Erster katholischer queerer TV-Gottesdienst übertragen

Erster katholischer queerer TV-Gottesdienst übertragen
Die Botschaft Jesu bedeute, "sei du selbst, stehe zu Dir", sagte der Pfarrer Karsten Weidisch bei der ersten Übertragung eines katholischen, queeren Gottesdienstes im Fernsehen. Zu Wort kamen dabei auch Mitglieder der Queergemeinde Münster.

Münster (epd). Eine Premiere beim TV-Gottesdienst: Erstmals ist am Sonntag ein katholischer queerer TV-Gottesdienst vom ZDF übertragen worden. Unter dem Motto „Wer bin ich - für dich?“ wurde die Messe in der Kirche St. Anna in Münster-Mecklenbeck von der Queergemeinde Münster gestaltet, die zu den ältesten ihrer Art in Deutschland gehört.

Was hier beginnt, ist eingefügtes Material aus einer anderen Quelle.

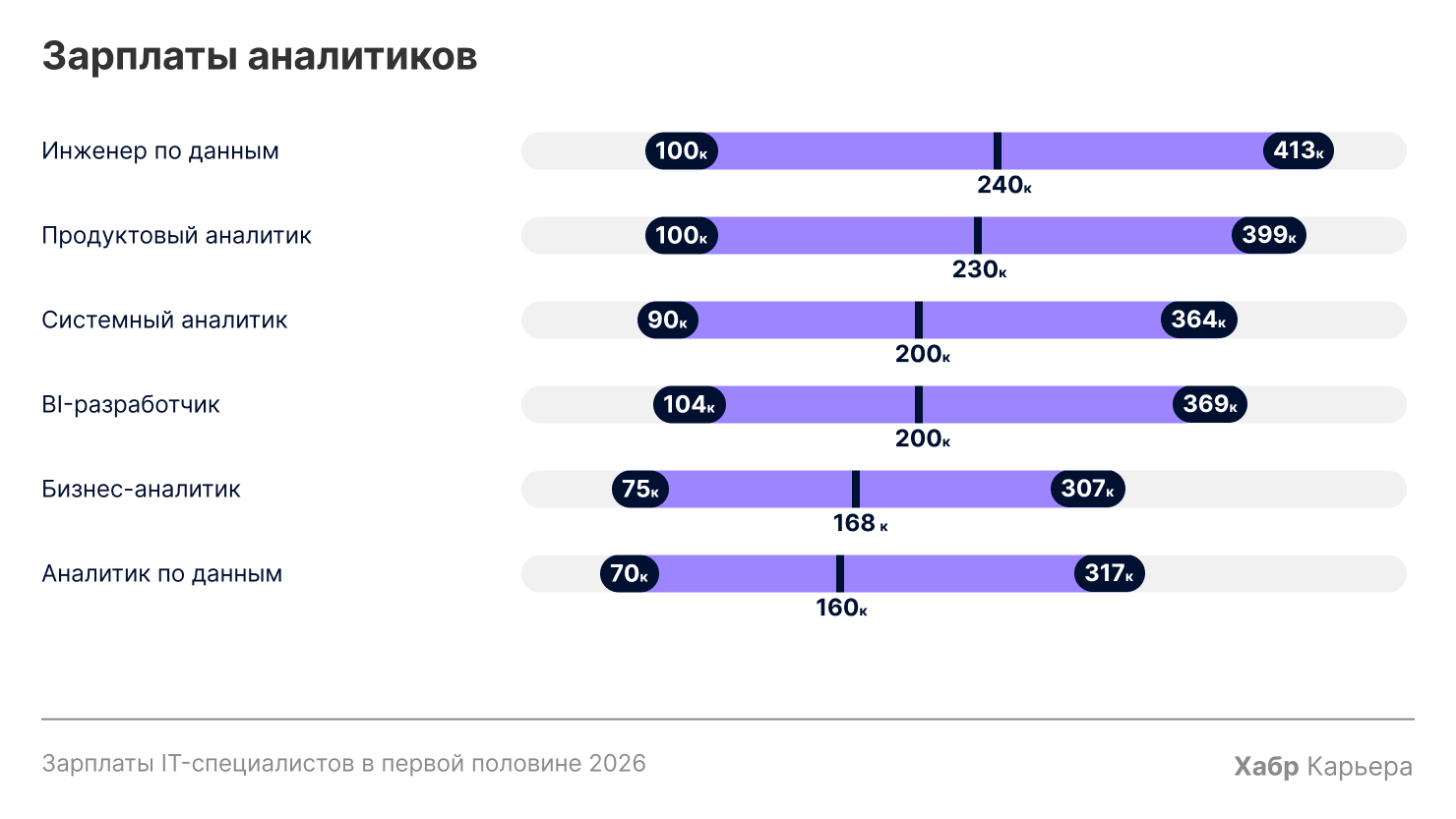 Чем занимаются и сколько зарабатывают аналитики в IT - 2 Чем занимаются и сколько зарабатывают аналитики в IT - 2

„Für uns als Queergemeinde Münster ist das ein riesiger Moment: Zum ersten Mal wird ein Queergottesdienst im Fernsehen gezeigt!“, schrieb die Gruppe auf Instagram. „Seit über 25 Jahren schaffen wir Raum für queeren Glauben, Akzeptanz und Gemeinschaft - und jetzt dürfen wir diese Botschaft mit ganz Deutschland teilen.“

Das Gleichnis vom Pharisäer und vom Zöllner aus dem Lukasevangelium (Kapitel 18, Verse 9 bis 14) habe die klare Botschaft: „Sei du selbst, stehe zu Dir! Sei so, wie du bist, unterwegs!“, sagte Pfarrer Karsten Weidisch in seiner Predigt, gekleidet in einem grünen Liturgiegewand und roter Stola. Gott sage „uns allen: Lebe so, wie du bist, und bringe dich wirklich ehrlich in die Gemeinschaft ein“. Die Queergemeinde biete einen Ort, an dem queere Menschen „mit Freude, ohne Anfeindung in aller Öffentlichkeit und ohne Diskriminierung den befreienden Glauben leben können“.

Das Motto des Gottesdienstes „Wer bin ich - für dich?“ nimmt eine Aussage des verstorbenen Papstes Franziskus auf. Auf die Frage zum Umgang der Kirche mit homosexuellen Menschen hatte er geantwortet: „Wer bin ich, ihn zu verurteilen?“

„Queer bedeutet, ich darf sein, wie ich bin - mit meiner Liebe, meiner Identität und meinem Glauben“, sagte Alice Märtens von der Queergemeinde. Als sie damals gemerkt habe, dass sie sich zu Frauen hingezogen fühle, habe sie gedacht: lesbisch und in der katholischen Kirche zu sein, das passe nicht zusammen. In der Queergemende habe sie „Halt und Sicherheit gefunden“. Da habe sie gemerkt, dass es möglich sei, „meinen Glauben in der Gemeinschaft, in der katholischen Kirche zu leben“.

Ein anderes Gemeinde-Mitglied berichtete davon, dass ihn der christliche Glauben von Kindesbeinen an begleitet habe. Es sei ein wunderbares Gefühl, „wenn dich dein Glaube trägt im Leben“. Eine „einseitige kirchliche Entscheidung“ habe dann jedoch dazu geführt, dass er die Ausbildung als Diakon nicht habe fortführen können. Da sei für ihn etwas weggebrochen. In der Queergemeinde habe er Ermutigung erlebt.

Die Queergemeinde in Münster bietet nach Angaben der Katholischen Hörfunk- und Fernseharbeit Menschen, die lesbisch, schwul, bisexuell, trans, queer oder inter sind, seit 1999 einen sicheren Raum, ihren Glauben zu leben. Der erste übertragene queere katholische TV-Gottesdienst fand nach Angaben der Veranstalter mit erhöhten Sicherheitsmaßnahmen statt.

„Viele, gerade queere Menschen, haben in unserer Kirche ein schweres Kreuz tragen - Anfeindung, Ablehnung, Ausgrenzung“, sagte am Ende der Gottesdienstausstrahlung Jan Diekmann von der Queergemeinde. Gott wolle nicht, „dass wir unter der Last des Kreuzes zerbrechen“. Das Kreuz zu tragen, heiße nicht, es allein zu schultern, sondern solidarisch zu sein, zu helfen und Hilfe anzunehmen.